Mário, um dos escolhidos na plateia, sobe ao estrado. Sob o estalar do chicote do prestidigitador, ele primeiro é obrigado a reproduzir a saudação faccio- romana, o braço erguido e a mão estendida. Chamado por Cipola de Ganimedes (o camponês grego escolhido por Zeus para ser seu pederasta, na mitologia), Mário é levado a beijá-lo próximo da boca na presença da própria noiva.

“Eu o amo, beije-me, ordena o corcunda Mágico”. E Mário o faz, com uma expressão estúpida de felicidades. Cipola sorri, brutal, cruel, antes de estalar novamente o chicote despertando Mário do transe.

Quando desce do estrado, ouvem-se dois tiros.

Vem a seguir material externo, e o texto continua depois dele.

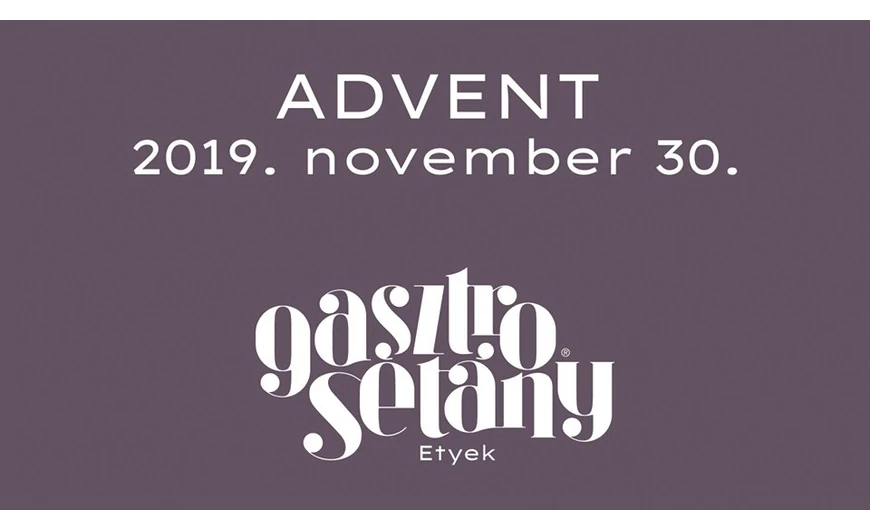 Advent a Gasztrosétányon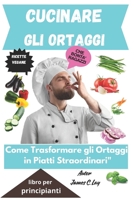Cucinare gli Ortaggi: Ricette Tradizionali e Internazionali: Come Trasformare gli Ortaggi in Piatti Straordinari" (Italian Edition) B0F12KB6NH Book Cover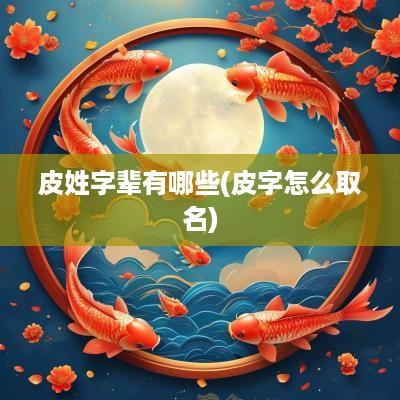 皮姓字辈有哪些(皮字怎么取名)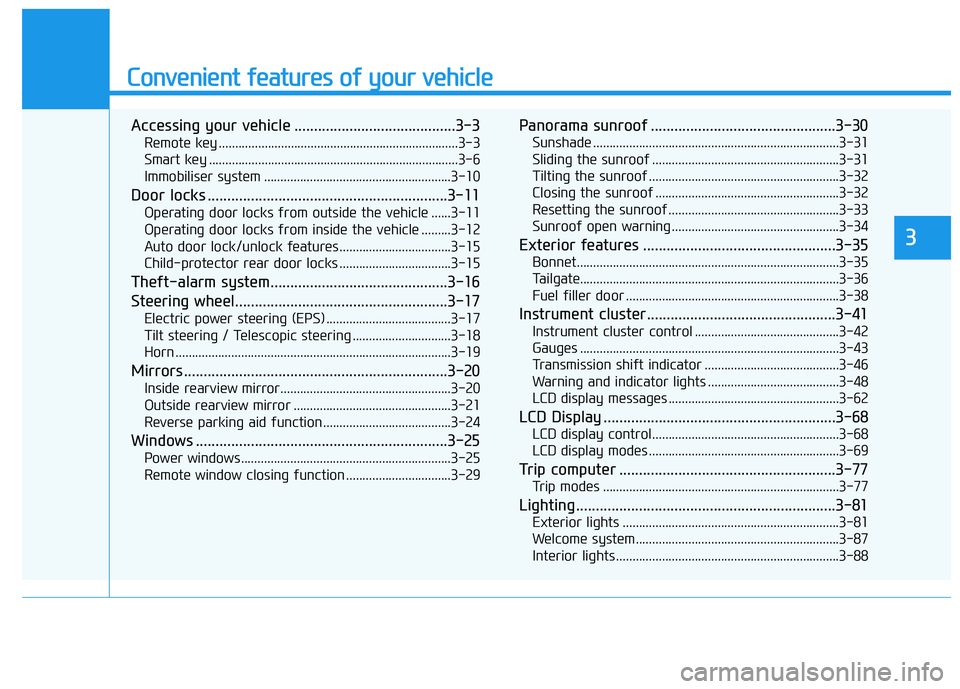 HYUNDAI I30 2023 Owners Manual Convenient features of your vehicle
Accessing your vehicle .........................................3-3
Remote key .........................................................................3-3
Smart ke HYUNDAI I30 2023 Owners Manual Convenient features of your vehicle
Accessing your vehicle .........................................3-3
Remote key .........................................................................3-3
Smart ke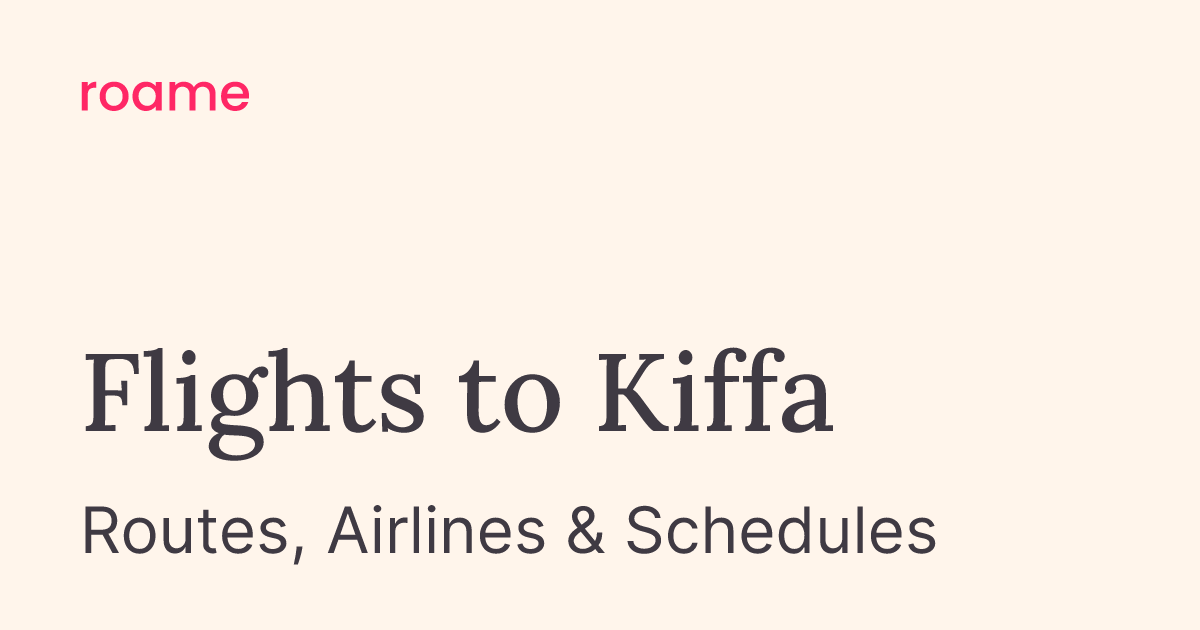 Flights to Kiffa (KFA): Routes & Airlines | Roame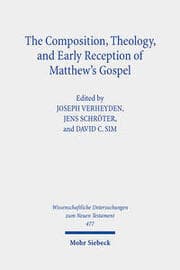 Cover von The Composition, Theology, and Early Reception of Matthew's Gospel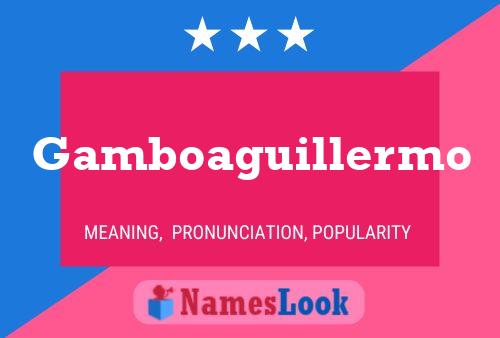 Gamboaguillermo Name Poster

Mário “não tinha outra saída para escapar à humilhação e reencontrar sua própria dignidade, a não ser matando Cipola”.

Um fim impressionante, funesto, contudo uma libertação nos diz o narrador.

Já ao princípio da narrativa Mann, de certa forma, antecipara o final. “As crianças, graças a Deus, não compreenderam onde terminava o espetáculo e onde começava a catástrofe, e nós as deixamos sob a ilusão de que tudo havia sido apenas teatro”.

Pois não fora teatro, mas, como o próprio conto “Mário e o Mágico” uma imitação da vida, um simbolismo da dominação e da submissão do ser humano sob o fascismo.

E, ao mesmo tempo, o momento do sacrifício nos dois tiros que saem da arma de Mário, uma maneira de sua possível destruição, na morte do prestidigitador.